Também o voto do redator para o acórdão, Ministro Henrique Neves, destacou que apenas se cogita de litisconsórcio necessário quando o candidato é mero beneficiário de ato praticado de responsabilidade de terceiro:

É evidente que a não inclusão de quem foi responsável pela prática de determinado ato no polo passivo da demanda caracteriza situação que dificulta a defesa daqueles que são apontados apenas como beneficiários. Por óbvio, o agente que praticou o ato tem maiores condições não apenas de defender a sua legalidade, mas principalmente de demonstrar as circunstâncias em que os fatos ocorreram, trazendo, inclusive, eventuais justificativas.

Nesse aspecto, para a correta aplicação do direito, é necessário privilegiar a verdade material, sem se descuidar do devido processo legal e da ampla defesa, com todos os recursos que lhe são inerentes.

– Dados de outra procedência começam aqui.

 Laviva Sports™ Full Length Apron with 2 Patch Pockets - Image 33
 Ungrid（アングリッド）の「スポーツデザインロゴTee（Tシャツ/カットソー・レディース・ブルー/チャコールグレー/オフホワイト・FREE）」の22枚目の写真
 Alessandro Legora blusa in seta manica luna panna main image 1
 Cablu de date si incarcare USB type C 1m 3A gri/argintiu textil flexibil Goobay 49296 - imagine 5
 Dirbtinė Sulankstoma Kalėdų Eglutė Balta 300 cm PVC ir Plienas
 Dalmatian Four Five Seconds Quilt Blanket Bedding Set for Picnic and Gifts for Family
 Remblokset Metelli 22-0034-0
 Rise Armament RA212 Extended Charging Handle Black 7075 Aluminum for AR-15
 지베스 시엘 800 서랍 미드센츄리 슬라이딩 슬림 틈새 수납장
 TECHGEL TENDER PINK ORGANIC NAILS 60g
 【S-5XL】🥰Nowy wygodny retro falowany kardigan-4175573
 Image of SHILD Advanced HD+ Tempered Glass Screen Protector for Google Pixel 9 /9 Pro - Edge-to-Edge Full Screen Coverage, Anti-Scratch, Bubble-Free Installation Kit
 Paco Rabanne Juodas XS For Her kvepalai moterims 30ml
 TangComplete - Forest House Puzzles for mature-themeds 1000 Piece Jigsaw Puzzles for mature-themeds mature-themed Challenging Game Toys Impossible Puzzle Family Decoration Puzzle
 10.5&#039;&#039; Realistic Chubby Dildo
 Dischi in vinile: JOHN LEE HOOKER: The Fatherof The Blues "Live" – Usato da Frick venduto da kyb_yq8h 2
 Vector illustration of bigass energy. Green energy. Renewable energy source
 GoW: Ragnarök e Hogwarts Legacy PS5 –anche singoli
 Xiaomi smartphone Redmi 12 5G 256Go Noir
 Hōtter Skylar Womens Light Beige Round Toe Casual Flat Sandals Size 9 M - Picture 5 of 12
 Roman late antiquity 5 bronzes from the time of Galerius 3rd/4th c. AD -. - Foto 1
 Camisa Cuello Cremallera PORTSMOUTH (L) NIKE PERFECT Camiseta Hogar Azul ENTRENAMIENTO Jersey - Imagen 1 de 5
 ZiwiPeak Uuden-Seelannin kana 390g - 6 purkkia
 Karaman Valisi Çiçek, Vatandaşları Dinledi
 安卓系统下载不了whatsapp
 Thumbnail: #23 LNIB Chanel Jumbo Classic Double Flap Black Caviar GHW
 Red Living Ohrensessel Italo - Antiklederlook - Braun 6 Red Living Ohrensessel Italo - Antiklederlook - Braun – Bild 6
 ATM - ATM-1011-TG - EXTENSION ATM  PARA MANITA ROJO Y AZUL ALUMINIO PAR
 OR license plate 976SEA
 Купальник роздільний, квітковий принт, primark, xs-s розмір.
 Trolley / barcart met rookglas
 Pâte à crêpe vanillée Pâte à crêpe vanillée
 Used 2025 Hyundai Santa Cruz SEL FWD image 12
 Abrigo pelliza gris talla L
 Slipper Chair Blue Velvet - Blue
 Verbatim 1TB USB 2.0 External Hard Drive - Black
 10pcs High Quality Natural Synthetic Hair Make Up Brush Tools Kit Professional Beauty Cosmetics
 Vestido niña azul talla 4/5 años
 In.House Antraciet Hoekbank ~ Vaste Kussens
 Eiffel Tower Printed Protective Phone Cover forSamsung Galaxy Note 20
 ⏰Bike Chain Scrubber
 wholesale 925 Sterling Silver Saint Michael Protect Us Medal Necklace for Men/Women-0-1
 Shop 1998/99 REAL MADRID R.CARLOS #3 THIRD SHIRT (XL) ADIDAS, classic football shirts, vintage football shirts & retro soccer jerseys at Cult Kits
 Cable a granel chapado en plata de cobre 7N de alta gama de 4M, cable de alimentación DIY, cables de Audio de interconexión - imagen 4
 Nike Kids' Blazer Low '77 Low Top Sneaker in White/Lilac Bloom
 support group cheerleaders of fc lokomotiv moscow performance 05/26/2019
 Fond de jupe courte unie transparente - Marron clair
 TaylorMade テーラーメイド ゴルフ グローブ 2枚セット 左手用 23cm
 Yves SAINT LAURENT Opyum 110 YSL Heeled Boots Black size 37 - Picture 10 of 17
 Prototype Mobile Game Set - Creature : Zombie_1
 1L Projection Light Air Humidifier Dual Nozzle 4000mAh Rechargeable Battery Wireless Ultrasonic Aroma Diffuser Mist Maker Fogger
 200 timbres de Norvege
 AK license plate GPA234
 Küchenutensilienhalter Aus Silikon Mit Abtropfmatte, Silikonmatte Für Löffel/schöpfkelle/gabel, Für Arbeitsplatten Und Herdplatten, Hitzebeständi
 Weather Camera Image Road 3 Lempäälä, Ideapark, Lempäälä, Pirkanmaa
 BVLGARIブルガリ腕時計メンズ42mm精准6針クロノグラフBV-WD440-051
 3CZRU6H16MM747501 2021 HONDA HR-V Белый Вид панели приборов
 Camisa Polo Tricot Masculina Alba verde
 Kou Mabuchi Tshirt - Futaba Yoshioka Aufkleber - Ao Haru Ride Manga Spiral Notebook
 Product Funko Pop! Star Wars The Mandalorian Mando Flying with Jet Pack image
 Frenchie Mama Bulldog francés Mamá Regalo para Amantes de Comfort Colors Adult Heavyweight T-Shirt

Em outras palavras, se a acusação formulada contra determinado candidato é no sentido de que ele foi beneficiado por omissão incorrida ou ato praticado por terceiro, e havendo - como há - consequências jurídicas previstas na legislação que podem atingir quem praticou o ato, tal terceiro deve ser obrigatoriamente incluído na lide - independentemente do tipo de ação - para que possa se defender e, se for o caso, arcar com as consequências de eventual condenação.

Fica claro, pela passagem acima transcrita, que o Ministro Henrique Neves se refere à situação na qual o candidato integra a representação unicamente na condição de beneficiado, sem vínculo de responsabilidade com o ato ilícito, tanto que sua preocupação é com a verdade material e a ampla defesa, a serem obtidas com a presença nos autos de quem praticou o ato.

Temos então a formação de uma jurisprudência que impõe o litisconsórcio passivo necessário não com fundamento na unitariedade da relação de direito material, nem por estipulação legal, contrariando a sistemática do litisconsórcio adotada pela doutrina e jurisprudência consagradas. Aqui o litisconsórcio, em face dessa construção jurisprudencial, está sendo exigido pela facilitação da prova ou pela mera possibilidade de sancionar o terceiro – visto que é possível, em tese, aplicar-lhe somente a inelegibilidade –, sem que tal penalidade deva ser destinada obrigatoriamente aos dois representados. Não se vê, com o devido respeito, nada que justifique a necessariedade do litisconsórcio. Imperioso reconhecer, portanto, que se trata de uma exceção e, como tal, deve ser compreendida restritivamente.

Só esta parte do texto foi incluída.